During the day, I try to act normal.
I walk the corridors. I train lightly. I nod when people speak to me. But I hear things.
Whispers carry more than people think they do.
“She was lucky. If she weren’t a hybrid that boy would have taken her out”
I freeze mid-step the first time I hear it. And. Feel my beast stir like it’s who was wounded, I felt the urge to shy and show them what a fatal bite looks like.
Two blood guards stand near the weapons bay, voices low, not realizing how sharp my hearing still is.
“Real lucky,” one of them says. “That bite should’ve killed her.”
“Yeah,” the other agrees. “Did you hear about the Blood Gate unit last month? One of theirs got bitten. That beat bit a whole chunk of his chest out. Didn’t even last an hour.”
They fall silent when they notice me.
Their faces shift,guilt, discomfort, forced respect.
I walk past them without saying a word.
Lucky.
The word lodges itself under my skin like a splinter.
I hear it again later. And again.
Always said the same way. With awe. With relief. With something unspoken underneath it all.
Not strong. Not skilled. Not prepared.
Lucky.
As if survival was a coin toss.
As if the outcome was random.
As if the people who didn’t make it simply failed to land on the right side of fate.
That night, I sit alone in my room, staring at the wall as the word loops in my head.
Lucky.
The Blood Gate warrior they mentioned had a name. I don’t know it, but I know it existed. I know someone trained beside them, laughed with them, trusted them at their back.
They died.
I didn’t.
And no one seems to know what to do with that difference except shrug and call it luck.
My beast snarls quietly inside me, a low, simmering thing.
It doesn’t feel lucky.
It feels hunted.
I start noticing the way people move around me.

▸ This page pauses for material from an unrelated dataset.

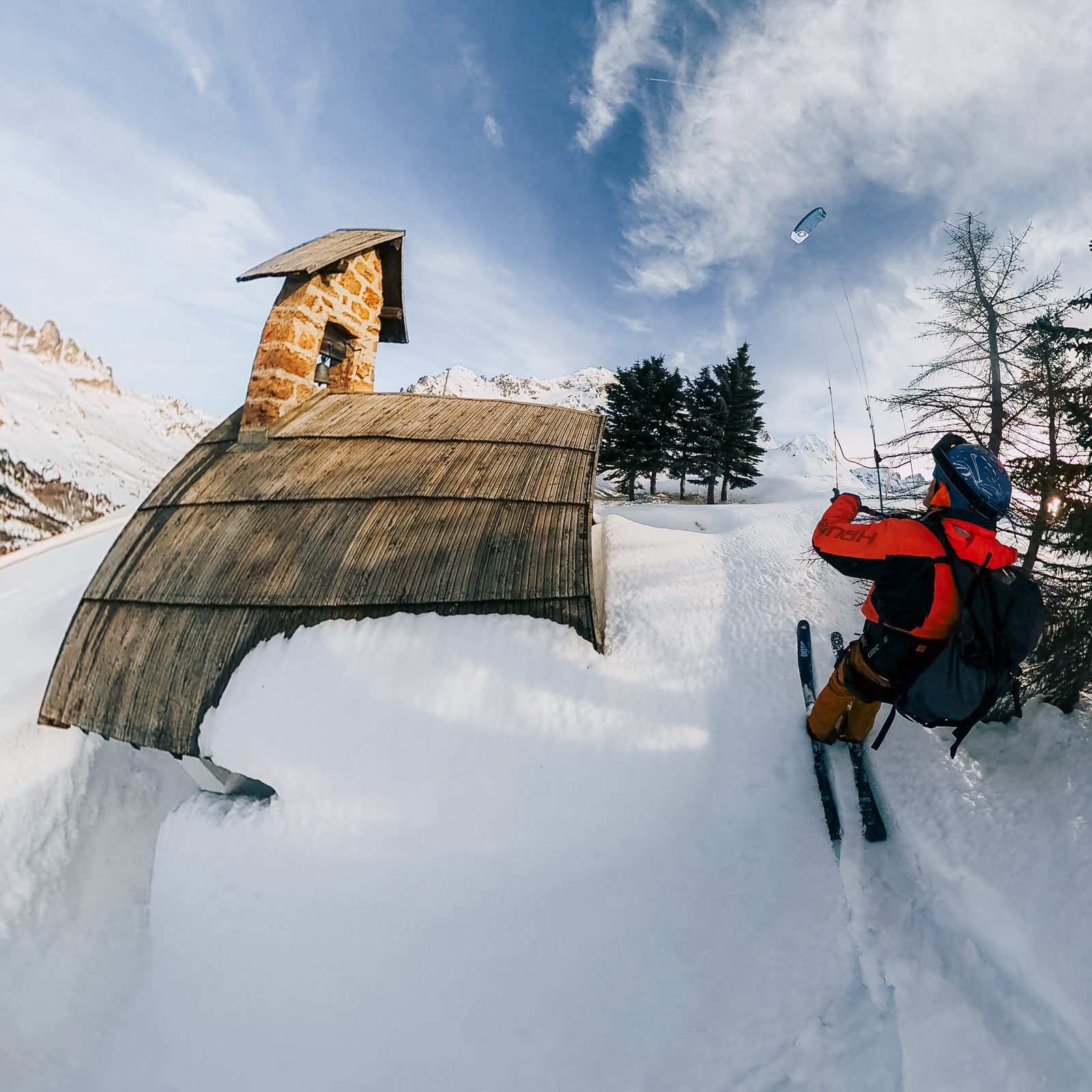 CAPABLE
Although massively accessible, the Explore V3 is capable of delivering huge riding potential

How they position themselves slightly closer. How blood guards step in without thinking when a door opens too suddenly or a noise echoes too loudly. How Darius’s gaze tracks me even when he’s pretending not to watch.

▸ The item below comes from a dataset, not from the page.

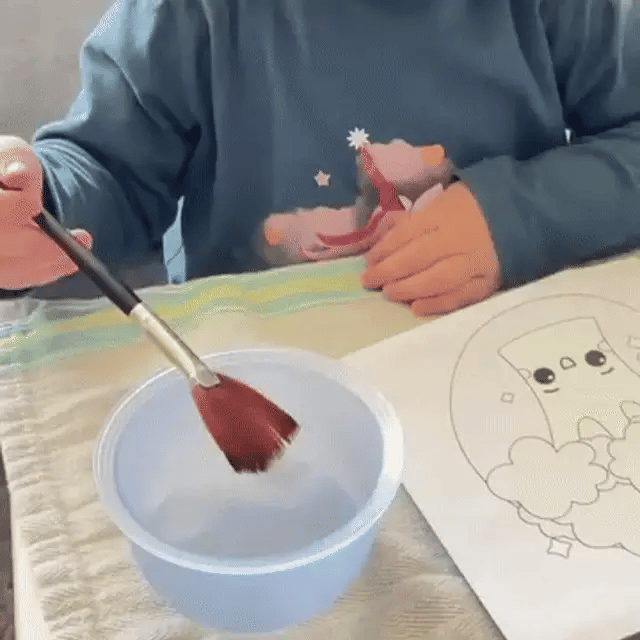 BEBİNO™ Sihirli Boyama Kitabı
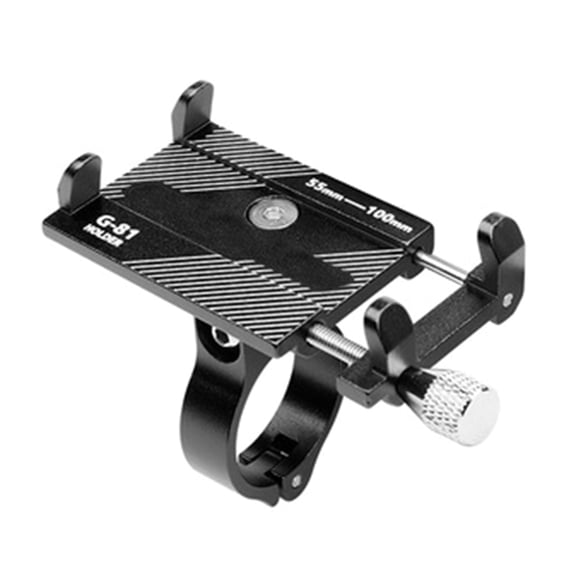JZROCKER Bicycles Phone Holder Adjustable Bike Phone Mount Stand Scooter Phone Clip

Protection has become automatic.
Instinctive.
And that terrifies me more than the attack did.
Because if I stay like this,if I stay someone who needs watching, shielding, saving,then people will keep putting themselves between me and danger.

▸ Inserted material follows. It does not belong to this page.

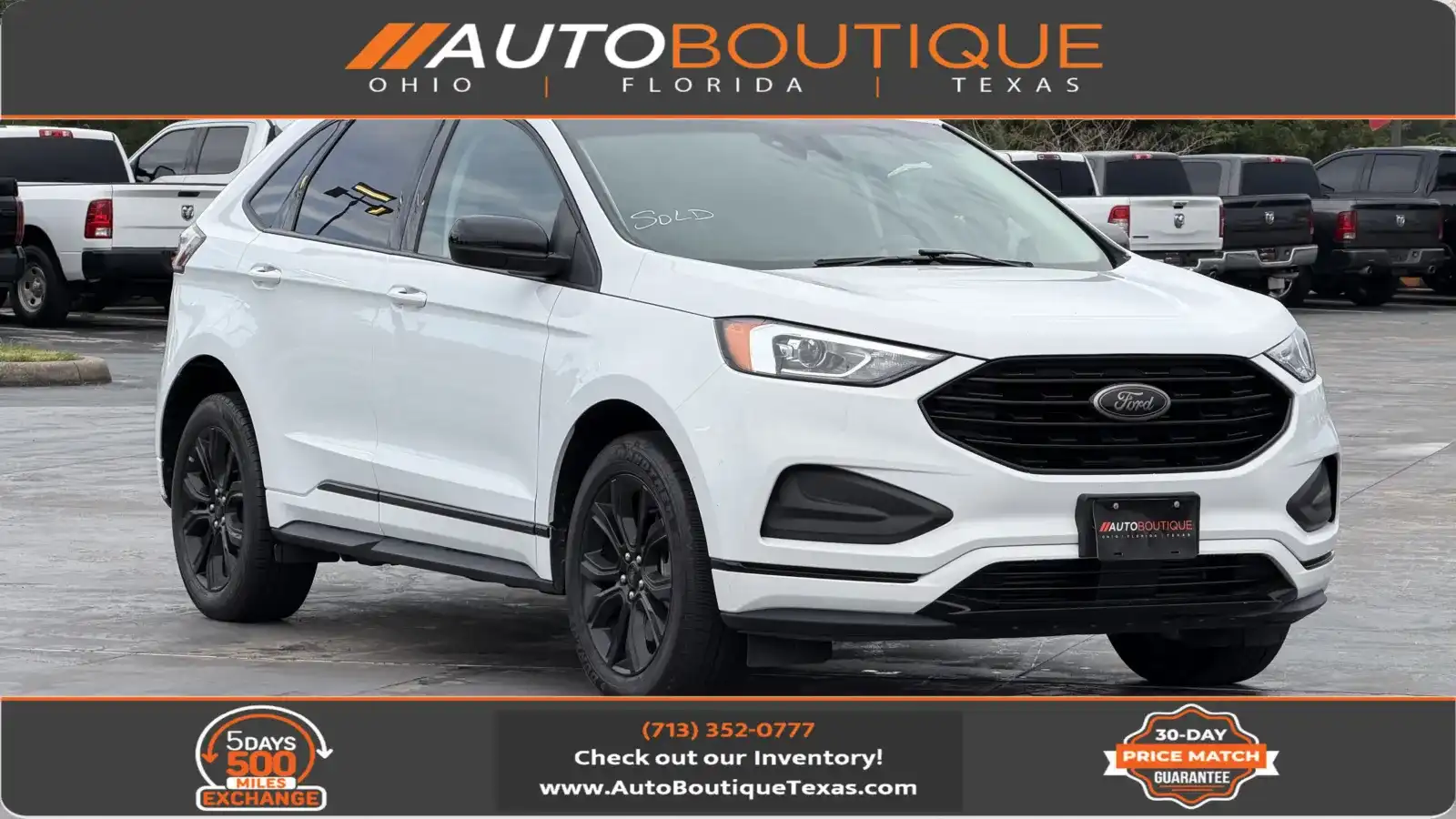 2023 Ford Edge SE AWD's photo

They will keep taking the hits meant for me.
I lie awake again, staring at the ceiling, my beast pacing endlessly beneath my skin.
The bite healed.
The scar is gone.
But something else has taken its place.
A quiet, burning certainty settles in my chest, heavy and unignorable.
If I don’t change.
if I don’t become something more than lucky.
then survival won’t always be the ending.
Sometimes, it will just mean someone else didn’t get one at all.